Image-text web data
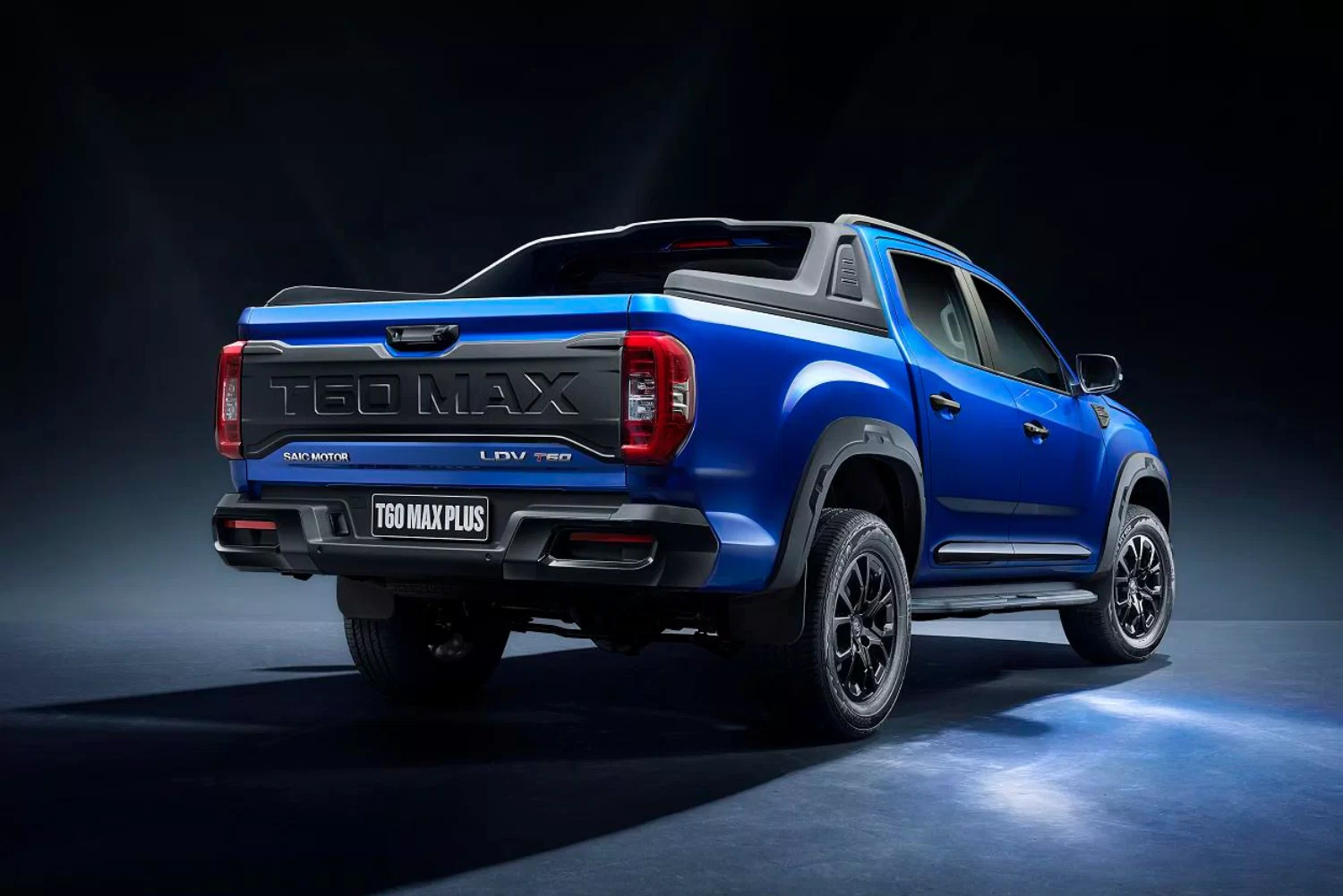 THE POWERFUL 160kW T60 MAX. MY25 NOW WITH 3.5T TOWING1.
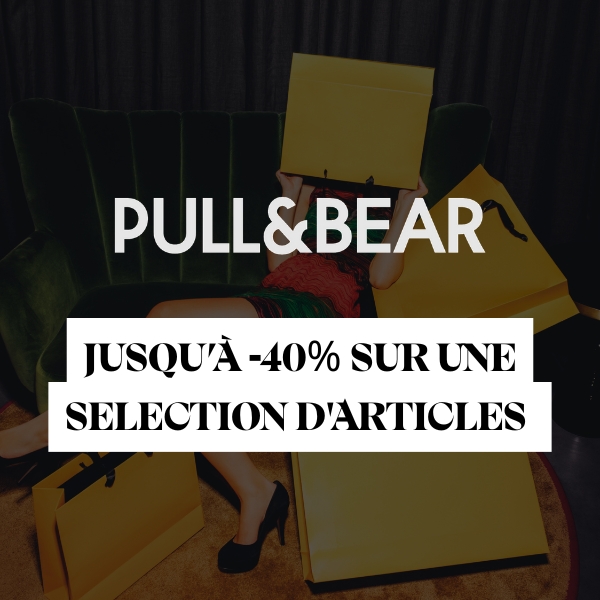 SOLDES HIVER - Pull and Bear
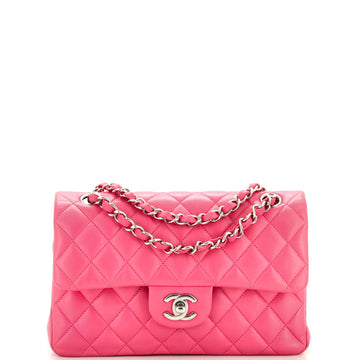 Chanel Classic Double Flap Bag Quilted Lambskin Small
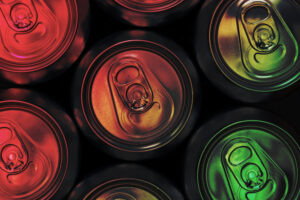 the risk of getting addicted to energy drinks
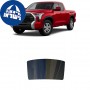 לרכב Toyota Tundra Extd PU 2022 ציפוי חלונות שחורים רב פעמי סיליקון לחלון האחורי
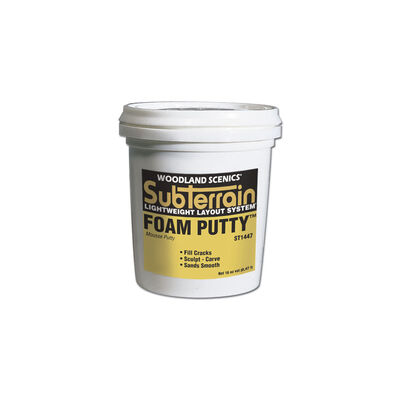 Foam Putty, Pint Foam Putty, Pint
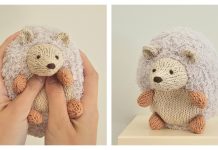 Amigurumi Hedgehog Toy Free Knitting Pattern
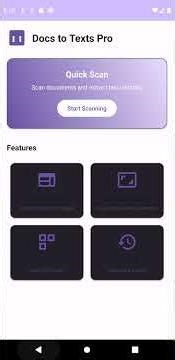 Docs to Texts - an AI Image Scanner - by Alexander Andrew Wood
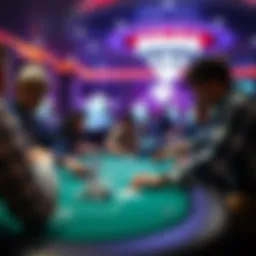 Strategic gameplay in action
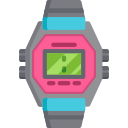 reloj de pulsera icon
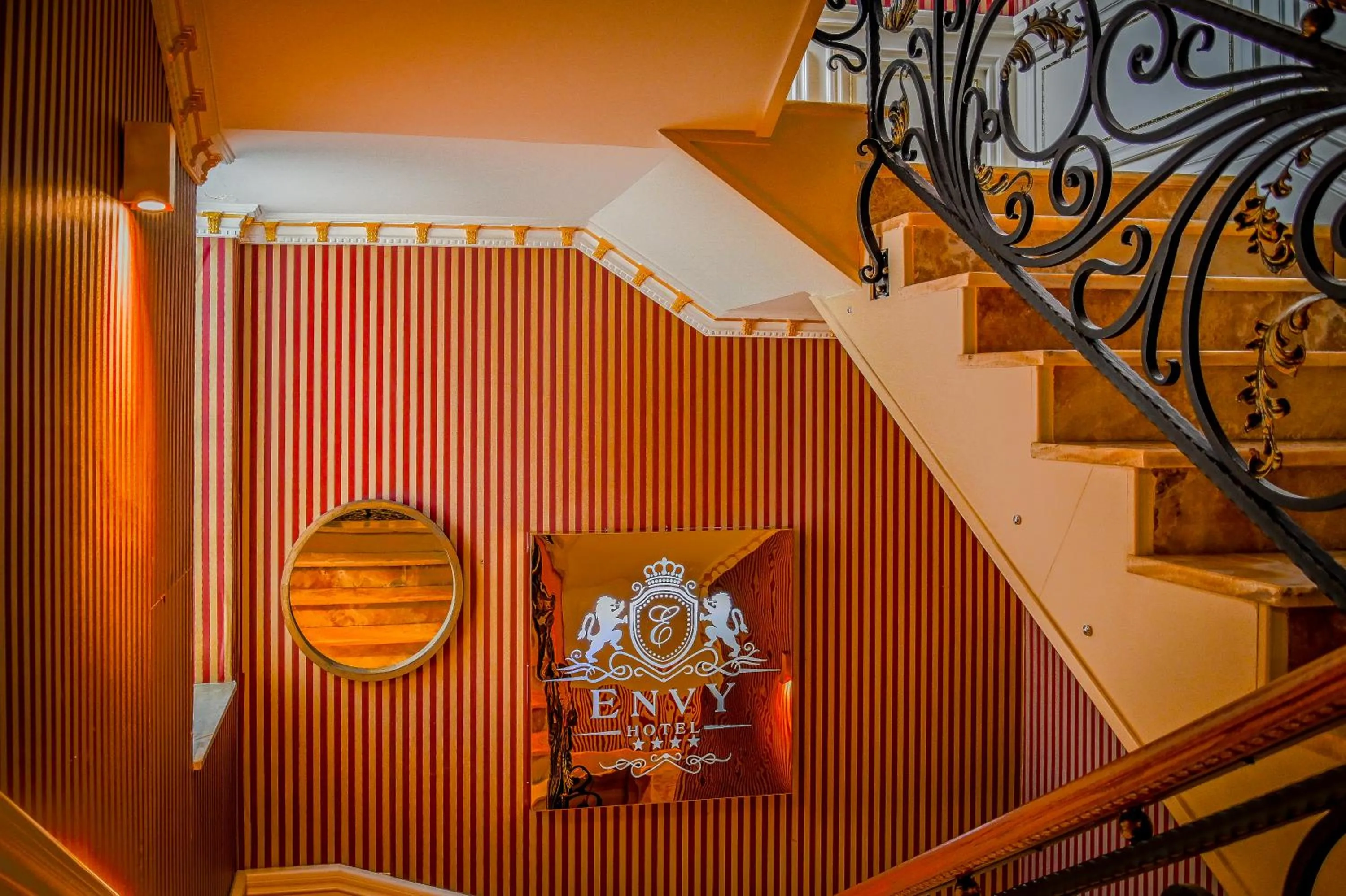 Property building in Envy Hotel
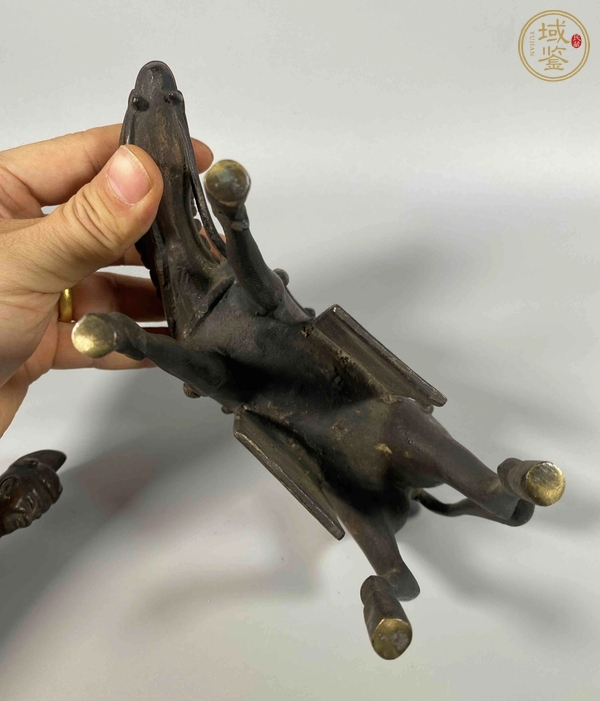 古玩銅器造像真品鑒賞圖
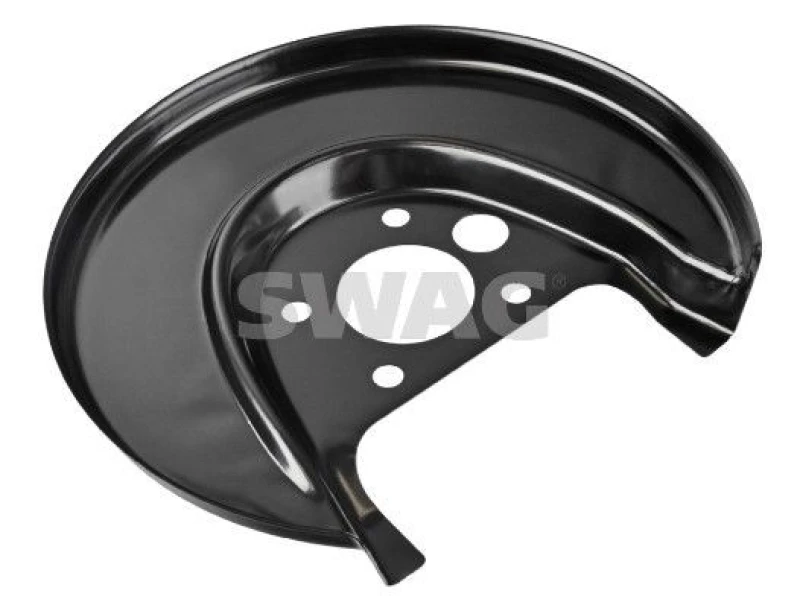 Image of Brake disc backing plate SWAG 33 10 7413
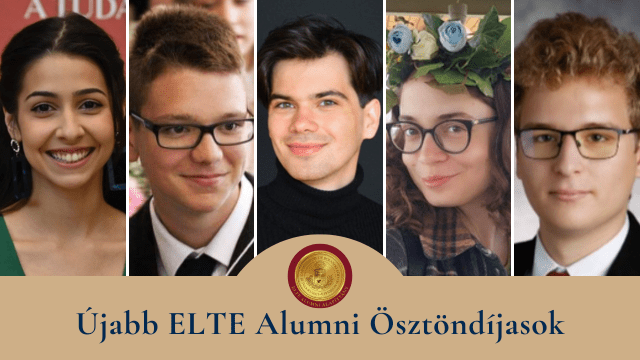 ELTEAlmaMater's tweet photo. A legutóbbi ELTE Alumni Ösztöndíj pályázatot 5 hallgató nyerte el. Így már több, mint 65 tehetséget támogatunk az ELTE Alumni Alapítvány közreműködésével. Az ösztöndíjasok nevében is köszönjük volt hallgatóink szívből jövő segítségét!
https://t.co/AXkGDDIMgn
#eltealmamater #elte https://t.co/J7DzOrWb0J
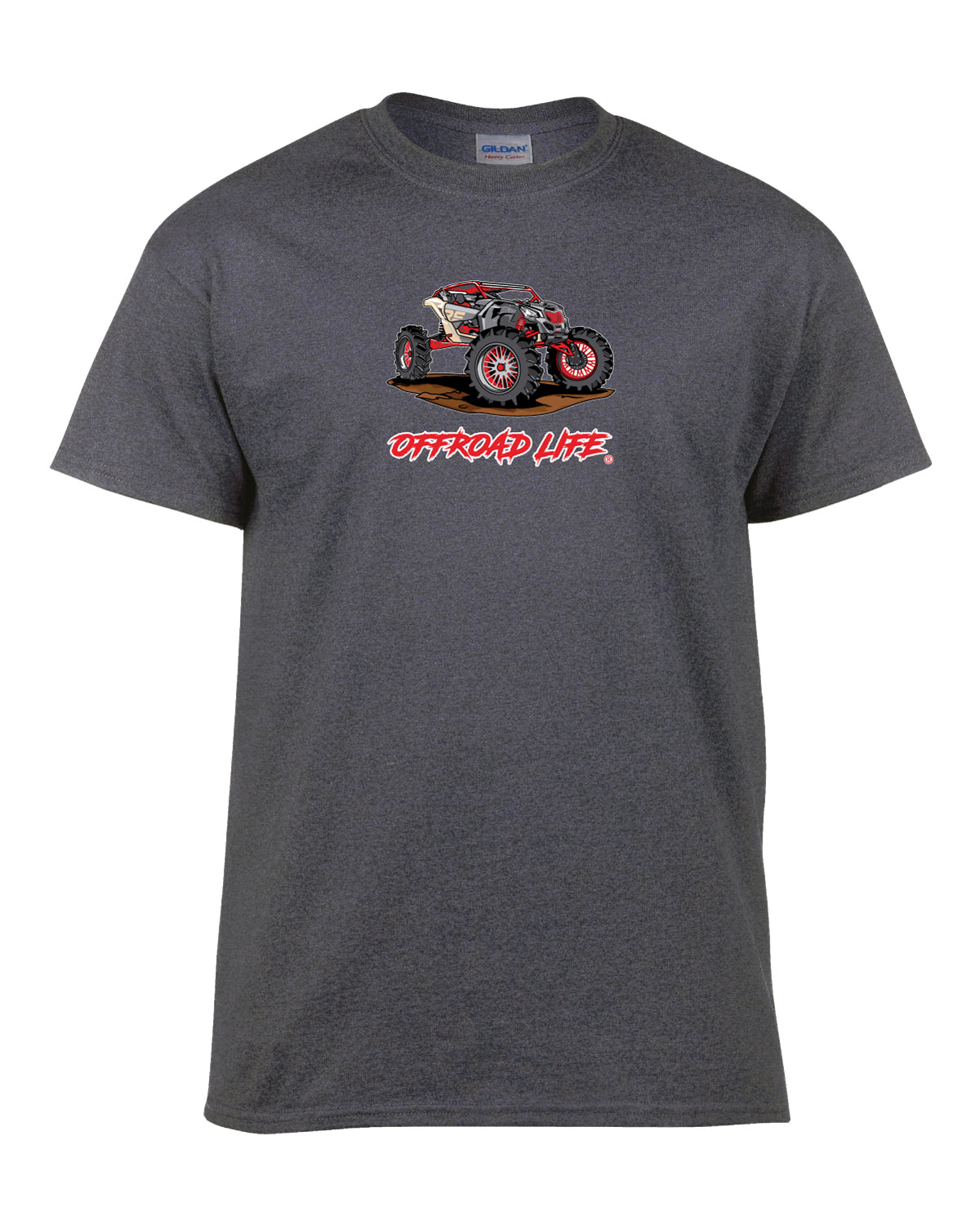 Offroad Life X3 Toddler T‑Shirt - Offroad ATV Graphic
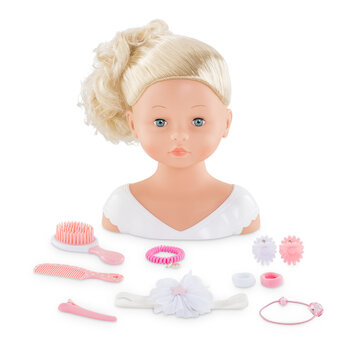 Corolle Corolle Doll Hairstyling Head 10"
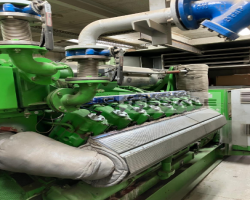 Maschine: JENBACHER JGS416 GS-N.L Gasgeneratoren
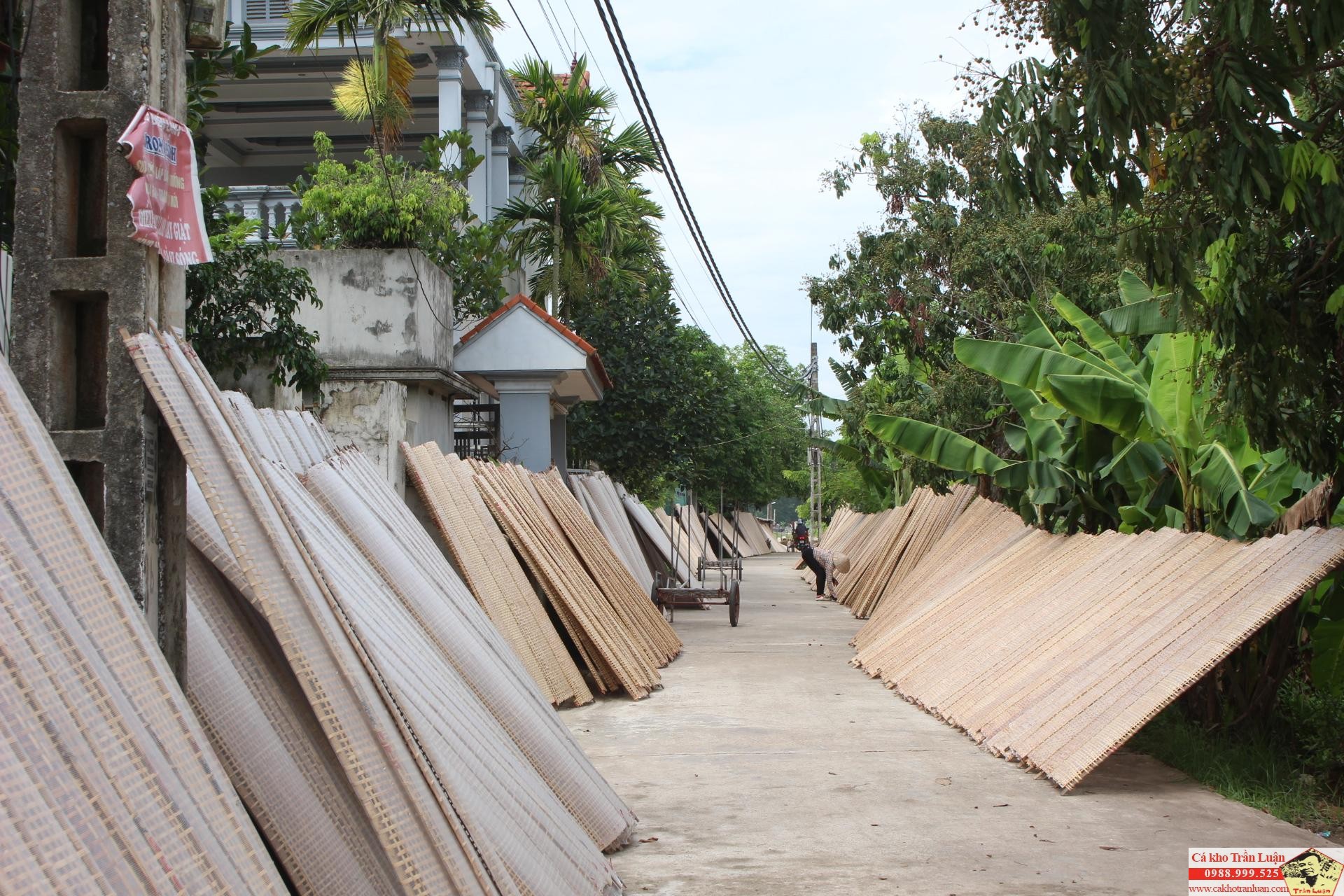 làng nghề truyền thống bánh đa nem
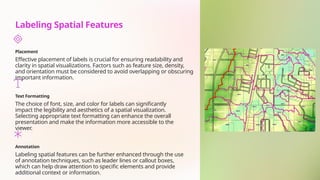 Spatial Label Comprehensive Guide to Displaying and Presenting Spatial Data in GIS | PPTX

| YOUR GOAL |
Copy each line of the data above that holds "https".

| RESPONSE AREA |
https://t.co/AXkGDDIMgn
#eltealmamater #elte https://t.co/J7DzOrWb0J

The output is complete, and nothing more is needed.